*** SOURCE MATERIAL ***
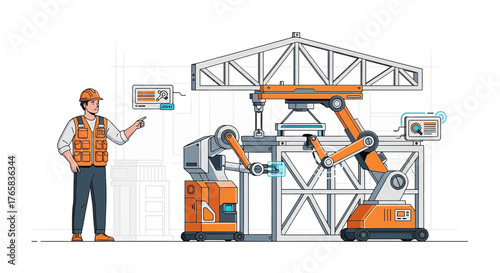 Construction worker overseeing automated truss manufacturing with robotic arms and digital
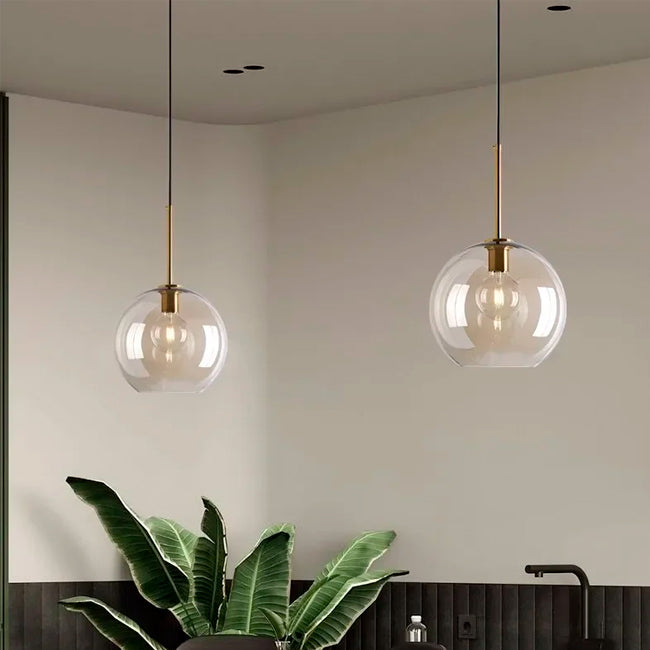 LÁMPARA COLGANTE CAMPANA DE VIDRIO CINDERELLA LUX BRONZE / SIN FOCO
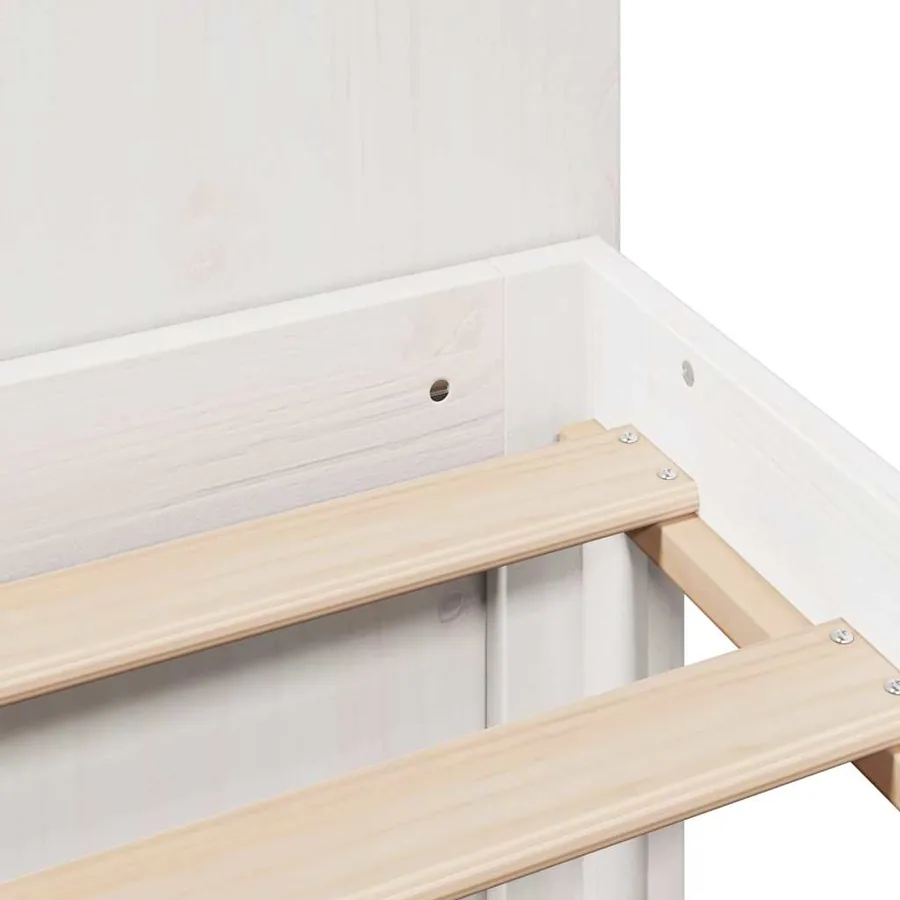 Lit bibliothèque sans matelas blanc 200x200 cm bois pin massif - 9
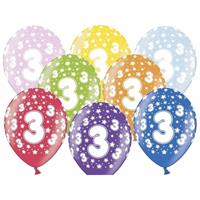 12x stuks Ballonnen 3 jaar thema met sterretjes Multi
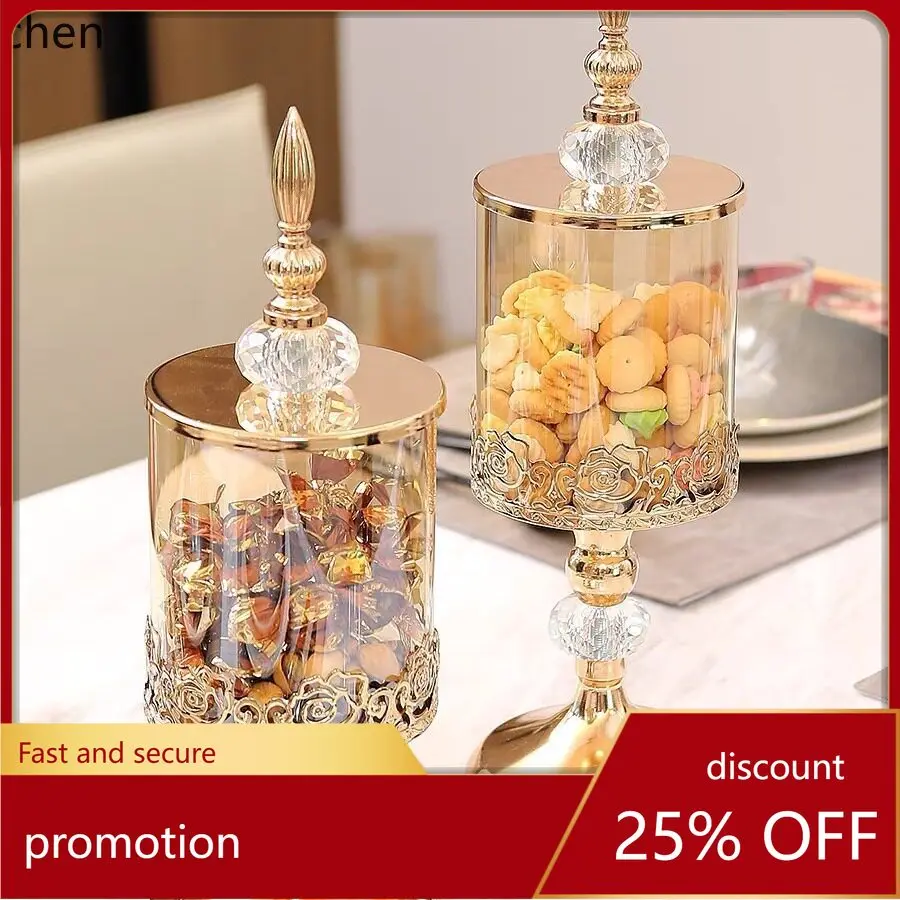 

Zml crystal glass storage jar with lid - decorative candy dish for living room coffee table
*** End of SOURCE MATERIAL ***
An acceptable answer consists of the lines above from the one holding "Lit bibliothèque sans" to the end of the data, repeated exactly and containing no pictures.

 Lit bibliothèque sans matelas blanc 200x200 cm bois pin massif - 9
 12x stuks Ballonnen 3 jaar thema met sterretjes Multi

Zml crystal glass storage jar with lid - decorative candy dish for living room coffee table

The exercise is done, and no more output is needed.